Sites 1089 and 1094 have been correlated to Greenland and Antarctic ice cores, which permits analysis of the phase relationships between oceanographic and atmospheric variables at glacial terminations. For the last four major deglaciations, changes in the temperature and chemistry of the deep Southern Ocean were synchronous with changes in polar air temperatures and atmospheric CO2 recorded in the Vostok ice core. This relationship supports a physical mechanism for glacial-to-interglacial pCO2 variations and is consistent with recent models that emphasize the role of sea ice and deep ocean ventilation in controlling atmospheric pCO2.
Much effort has been devoted to studying millennial-scale variability in the high-latitude North Atlantic, and Leg 177 sediments now allow us to extend these studies to the South Atlantic sector of the Southern Ocean. At Site 1089, radiolarian-based estimates of SSST indicate very large millennial-scale changes in SSST during MIS 3 and MIS 4 that are almost as great as those observed at Terminations I and II. Millennial-scale variability in the delivery of IRD, consisting mostly of quartz and ash, were found to coincide across the Polar Front from Sites 1089 (41°S) to Site 1094 (53°S) during MIS 3. South Atlantic IRD peaks are associated with times of warming (interstadials) and increased NADW production in the North Atlantic, suggesting an antiphase relationship between these regions.
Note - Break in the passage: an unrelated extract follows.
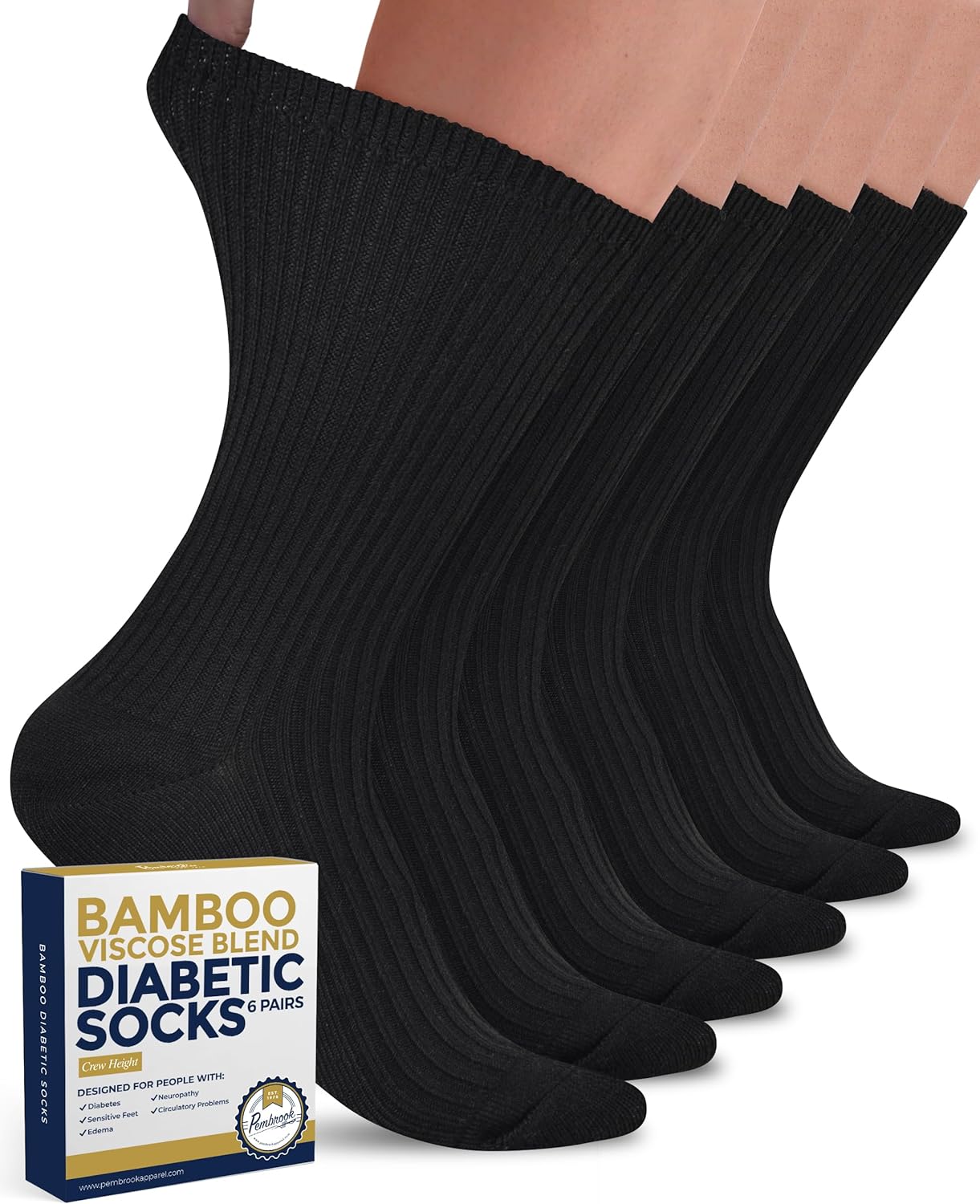 Pembrook Ribbed Knit Bamboo Viscose Diabetic Socks...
The linking mechanism may have been sea level rise associated with melting of the Laurentide Ice Sheet during strong interstadial events that unpinned grounded Antarctic ice shelves, releasing armadas of icebergs to the South Atlantic.
Millennial-scale variability in SSST and IRD was not limited to the last glacial period. At Site 1094, sub-Milankovitch variability in IRD occurred during glacial periods for the past 1 m.y., with a pacing similar to that of the last glacial period. Over the last four climate cycles, the early part of each interglacial period was marked by low IRD abundance during hypsithermal conditions, followed by the cooling and the resumption of IRD delivery during the onset of neoglaciations.